* Task to carry out: In the listing below, the answer starts at the line that has "Органза матовая Виола с принтом Сердечки" and stops after the line that has "Aiavärav, Must, 100"; please repeat that part exactly and nothing more.

[Supplied records — start]

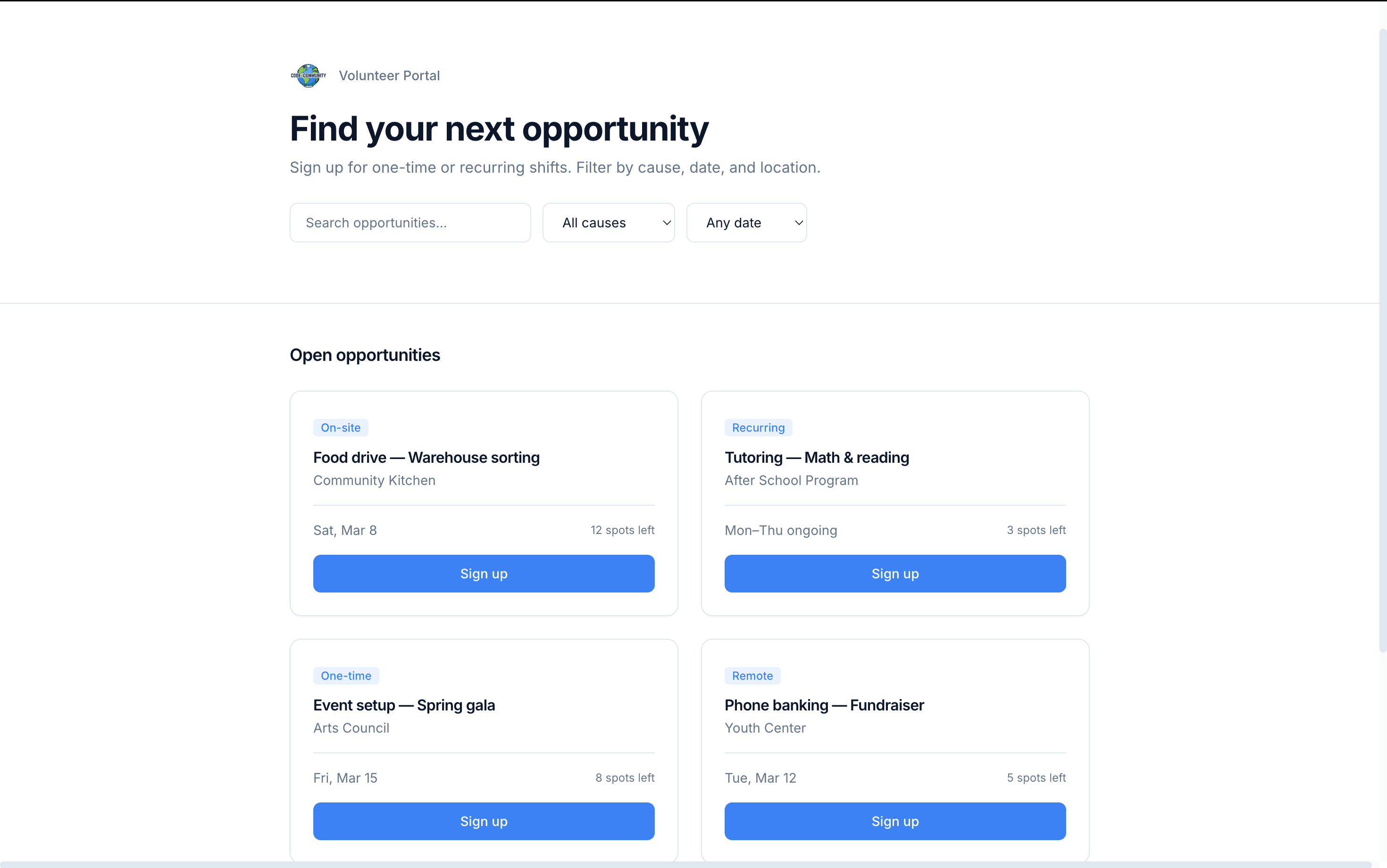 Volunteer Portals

[Supplied records — finish]
[Supplied records — start]

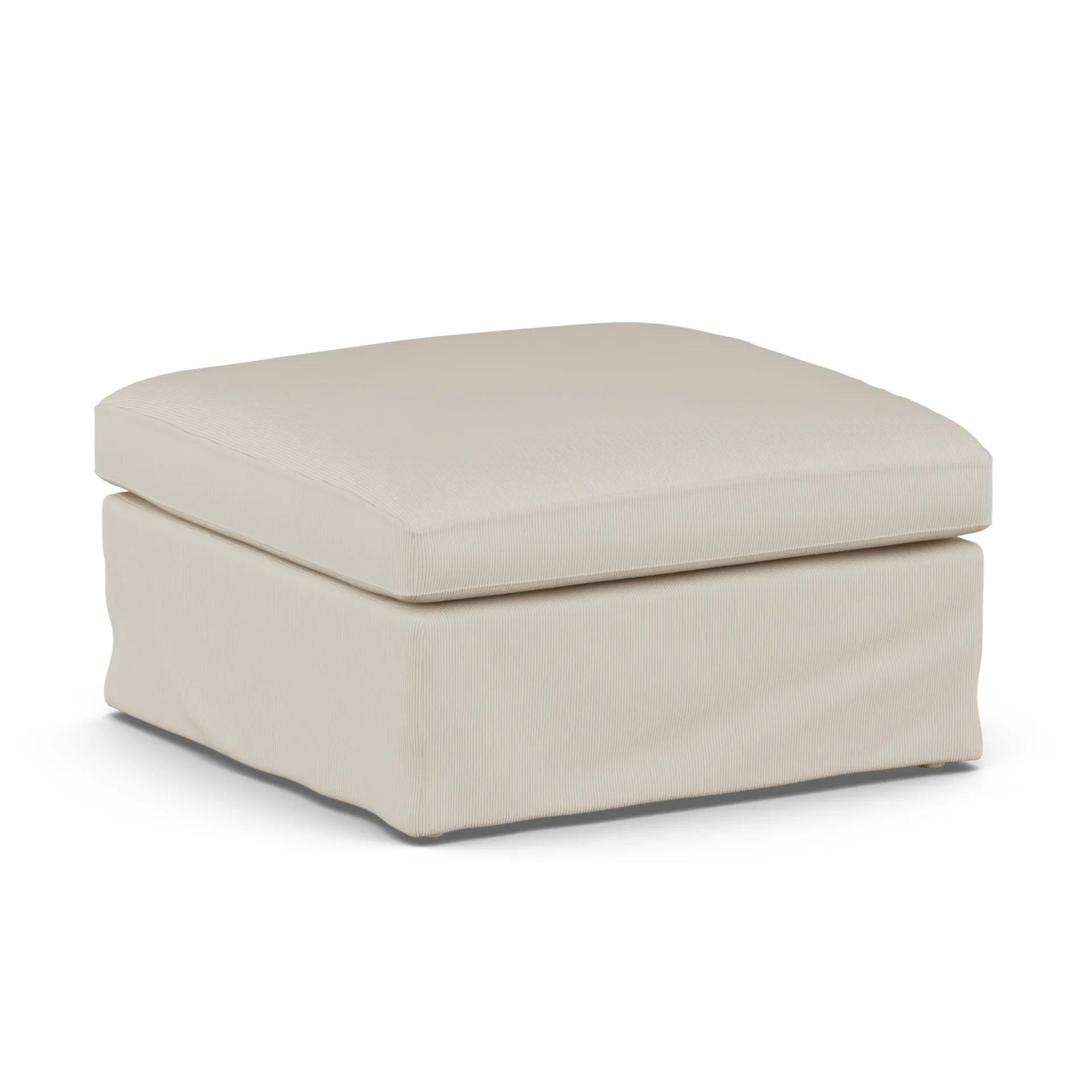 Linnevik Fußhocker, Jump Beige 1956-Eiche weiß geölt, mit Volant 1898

[Supplied records — finish]
[Supplied records — start]

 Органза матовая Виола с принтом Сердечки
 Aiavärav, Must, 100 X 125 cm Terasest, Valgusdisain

[Supplied records — finish]

* Written answer:
 Органза матовая Виола с принтом Сердечки
 Aiavärav, Must, 100 X 125 cm Terasest, Valgusdisain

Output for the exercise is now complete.